● **Exercise instructions**
Please write out exactly the lines from the opening of the listing through the line that holds "1 Night Free", including both, and nothing else; no pictures.

● **Recorded data**
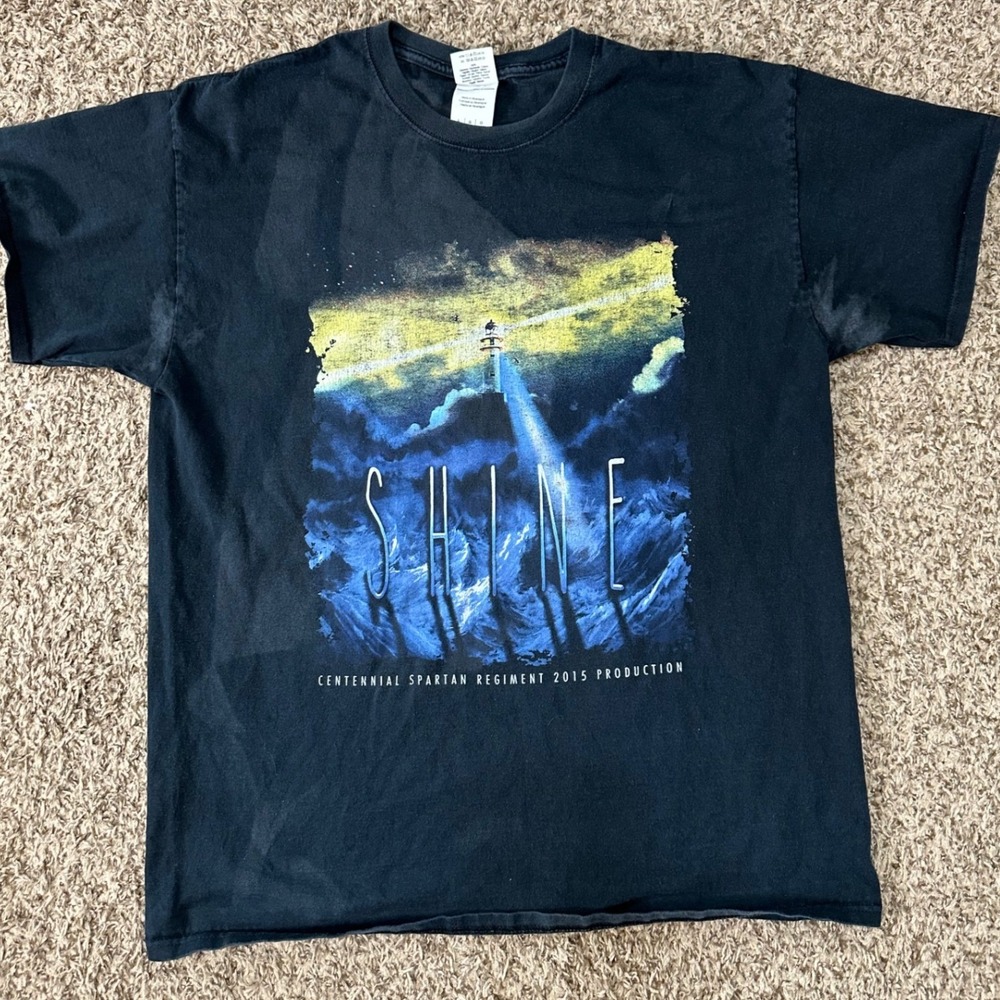 Gildan Mens T-Shirt Large Black 2015 Centennial Spartan Regiment Shine Band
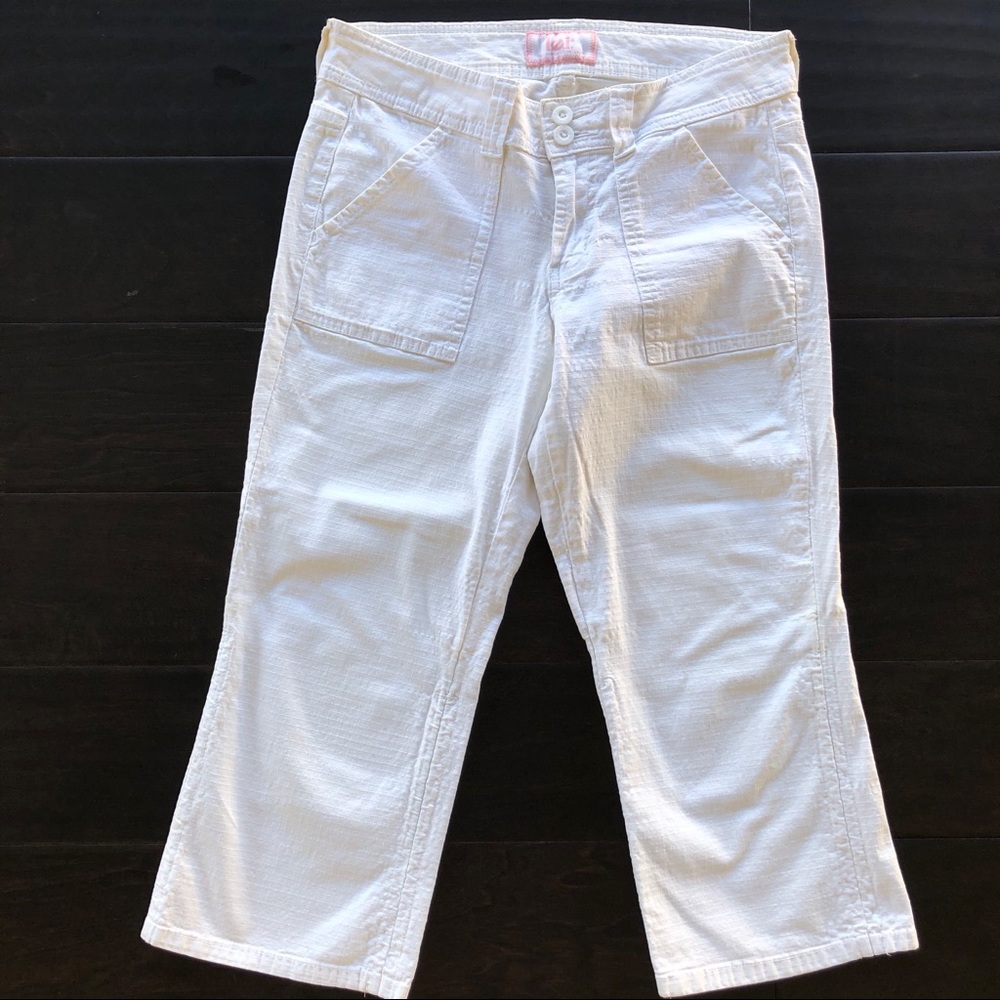 Lei Capri pants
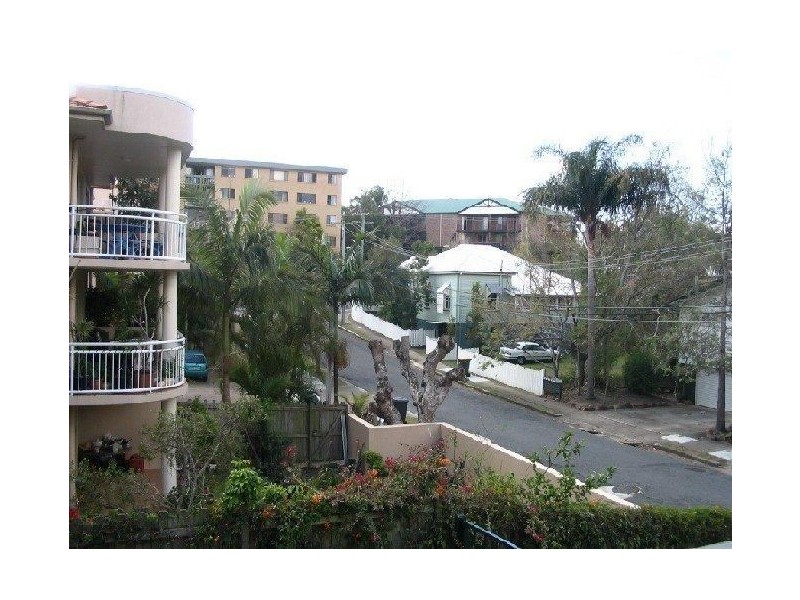 8/93 Sherwood Rd, Toowong QLD 4066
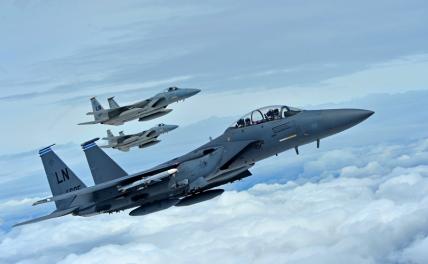 На фото: истребители F-15 ВВС США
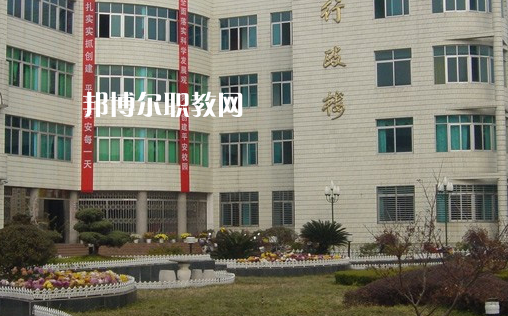 麻城工業(yè)學(xué)校2022年報(bào)名條件、招生要求、招生對(duì)象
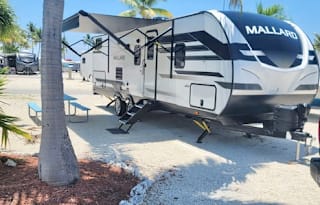1 Night Free 2022 Heartland Mallard 26 w/ King Bed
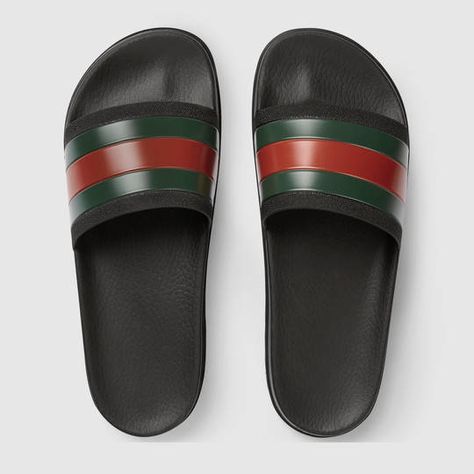 Mules ruban Web - Gucci Sandales Homme 429469GIB101098 Gucci Fashion Show, Gucci Slide, Gucci Flip Flops, Mens Slide Sandals, Gucci Slides, Gucci Sandals, Rubber Sandals, Mens Slides, Flip Flop Shoes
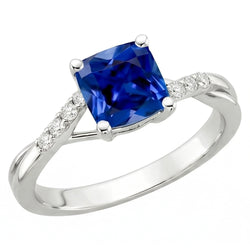 anello solitario con zaffiro blu 2,50 carati e accenti di diamante cuscino in oro bianco 14 carati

● **Output of the exercise**
 Gildan Mens T-Shirt Large Black 2015 Centennial Spartan Regiment Shine Band
 Lei Capri pants
 8/93 Sherwood Rd, Toowong QLD 4066
 На фото: истребители F-15 ВВС США
 麻城工業(yè)學(xué)校2022年報(bào)名條件、招生要求、招生對(duì)象
1 Night Free 2022 Heartland Mallard 26 w/ King Bed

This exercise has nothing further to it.